Melihat dari serangkaian konflik yang terjadi dalam masyarakat yang disebut mengandung unsur SARA, ternyata unsur agama memang selalu menjadi pemicu utama bahkan ikut ambil bagian dalam situasi konflik yang terjadi. Padahal, agama semestinya bisa menjadi peredam dalam situasi konflik yang ada dalam masyarakat karena agama sejatinya datang untuk memperbaiki kondisi sosial ke arah penataan yang lebih baik.
Dalam kajian sosiologi, peran agama dalam masyarakat dapat memperkuat identitas sosial sehingga sebuah masyarakat seharusnya bisa lestari menjaga solidaritas sosialnya yang dibangun berdasarkan semangat keagamaan. Namun kenyataannya saat ini, agama malah paling rentan dijadikan sentimen untuk membangkitkan nuansa konflik dalam masyarakat.
Pembakaran Mushola, Gereja dan Vihara yang terjadi belakangan ini justru dipicu oleh sentimen keagamaan bukan berdasarkan sentimen sosial lainnya, seperti kesukuan, sentimen kelompok atau bentuk primordialisme lainnya.
Struktur dalam kemasyarakatan kita ini nampak rapuh sehingga mudah terkoyak-koyak hanya oleh sentimen keagamaan akibat ulah segelintir orang yang tidak bertanggungjawab. Lagi-lagi ini ekses dari tingkat pengetahuan yang minim yang diterima oleh individu dalam masyarakat. Dalam soal pemahaman keagamaan, masyarakat cenderung berprilaku taqlid (ikut-ikutan tanpa mempertanyakan kebenarannya) sehingga mudah untuk jatuh dalam suasana konflik.
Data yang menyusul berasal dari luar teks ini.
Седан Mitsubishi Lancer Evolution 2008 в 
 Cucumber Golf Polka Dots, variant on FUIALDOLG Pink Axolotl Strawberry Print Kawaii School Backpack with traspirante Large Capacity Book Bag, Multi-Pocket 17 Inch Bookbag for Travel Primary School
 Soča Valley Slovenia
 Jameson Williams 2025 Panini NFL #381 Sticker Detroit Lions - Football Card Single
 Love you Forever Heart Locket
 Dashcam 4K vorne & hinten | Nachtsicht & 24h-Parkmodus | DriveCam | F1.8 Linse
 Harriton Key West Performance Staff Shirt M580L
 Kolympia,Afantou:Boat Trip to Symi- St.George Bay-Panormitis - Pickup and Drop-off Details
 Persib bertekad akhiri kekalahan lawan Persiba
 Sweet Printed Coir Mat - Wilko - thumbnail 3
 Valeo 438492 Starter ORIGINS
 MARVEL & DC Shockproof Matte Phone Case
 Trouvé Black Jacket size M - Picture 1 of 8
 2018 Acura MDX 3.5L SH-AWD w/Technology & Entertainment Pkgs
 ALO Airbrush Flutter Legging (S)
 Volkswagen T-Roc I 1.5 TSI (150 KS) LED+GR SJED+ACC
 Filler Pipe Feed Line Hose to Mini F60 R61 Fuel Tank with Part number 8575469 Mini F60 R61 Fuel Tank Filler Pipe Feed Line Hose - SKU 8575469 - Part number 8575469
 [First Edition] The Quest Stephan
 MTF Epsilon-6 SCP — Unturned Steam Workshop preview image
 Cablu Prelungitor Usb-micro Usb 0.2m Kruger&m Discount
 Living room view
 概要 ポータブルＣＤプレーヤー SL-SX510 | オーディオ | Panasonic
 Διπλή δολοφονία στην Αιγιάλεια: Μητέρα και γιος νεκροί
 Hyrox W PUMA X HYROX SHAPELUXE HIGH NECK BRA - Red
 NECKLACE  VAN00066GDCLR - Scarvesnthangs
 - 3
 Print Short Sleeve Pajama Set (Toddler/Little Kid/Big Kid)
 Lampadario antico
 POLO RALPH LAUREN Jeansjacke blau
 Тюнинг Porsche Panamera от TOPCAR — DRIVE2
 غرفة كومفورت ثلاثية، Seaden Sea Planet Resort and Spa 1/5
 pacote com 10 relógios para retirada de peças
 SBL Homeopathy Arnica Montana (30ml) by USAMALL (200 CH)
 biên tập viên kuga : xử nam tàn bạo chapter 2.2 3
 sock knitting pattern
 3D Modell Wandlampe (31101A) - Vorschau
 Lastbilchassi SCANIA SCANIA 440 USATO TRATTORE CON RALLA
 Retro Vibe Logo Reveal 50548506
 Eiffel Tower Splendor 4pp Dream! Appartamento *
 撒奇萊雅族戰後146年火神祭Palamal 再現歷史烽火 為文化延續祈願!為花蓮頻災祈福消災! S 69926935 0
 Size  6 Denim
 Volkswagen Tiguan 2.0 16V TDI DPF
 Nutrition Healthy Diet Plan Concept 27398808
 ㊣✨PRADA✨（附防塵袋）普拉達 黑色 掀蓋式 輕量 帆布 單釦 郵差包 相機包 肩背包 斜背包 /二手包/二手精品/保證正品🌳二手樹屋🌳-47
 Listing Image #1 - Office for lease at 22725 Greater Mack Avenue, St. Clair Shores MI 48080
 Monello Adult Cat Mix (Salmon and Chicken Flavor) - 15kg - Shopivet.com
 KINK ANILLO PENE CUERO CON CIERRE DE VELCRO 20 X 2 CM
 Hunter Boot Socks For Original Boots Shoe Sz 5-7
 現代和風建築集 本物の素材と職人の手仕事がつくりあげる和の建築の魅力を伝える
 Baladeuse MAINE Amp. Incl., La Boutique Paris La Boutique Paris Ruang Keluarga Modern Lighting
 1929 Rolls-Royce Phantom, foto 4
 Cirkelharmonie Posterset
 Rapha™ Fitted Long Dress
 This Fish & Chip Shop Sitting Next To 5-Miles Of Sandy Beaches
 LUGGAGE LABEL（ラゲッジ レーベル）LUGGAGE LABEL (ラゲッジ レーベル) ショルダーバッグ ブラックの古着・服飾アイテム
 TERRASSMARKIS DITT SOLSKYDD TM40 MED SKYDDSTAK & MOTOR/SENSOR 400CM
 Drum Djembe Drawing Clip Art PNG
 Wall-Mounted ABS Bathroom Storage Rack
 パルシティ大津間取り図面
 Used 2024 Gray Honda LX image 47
Konflik bahkan tidak hanya terjadi dalam sebuah masyarakat heterogen yang beragam budaya dan agama, tetapi dalam sebuah masyarakat homogen yang satu agama-pun jika prilaku taqlid dikedepankan maka dipastikan seringkali terjadi konflik. Dalam banyak hal, masyarakat Indonesia “kelihatannya” sangat ramah dan religius, tetapi sesungguhnya endapan bawah sadar kolektifnya menyimpan akumulasi nafsu hewani yang tertekan akibat penjajahan yang berkepanjangan, baik oleh orang asing maupun pemerintah sendiri.
Jadi bisa dipastikan, bahwa banyak penyaluran-penyaluran aktivitas sosial yang seringkali tertekan atau bahkan tidak terwadahi sehingga mudah saja tersulut suasana konflik.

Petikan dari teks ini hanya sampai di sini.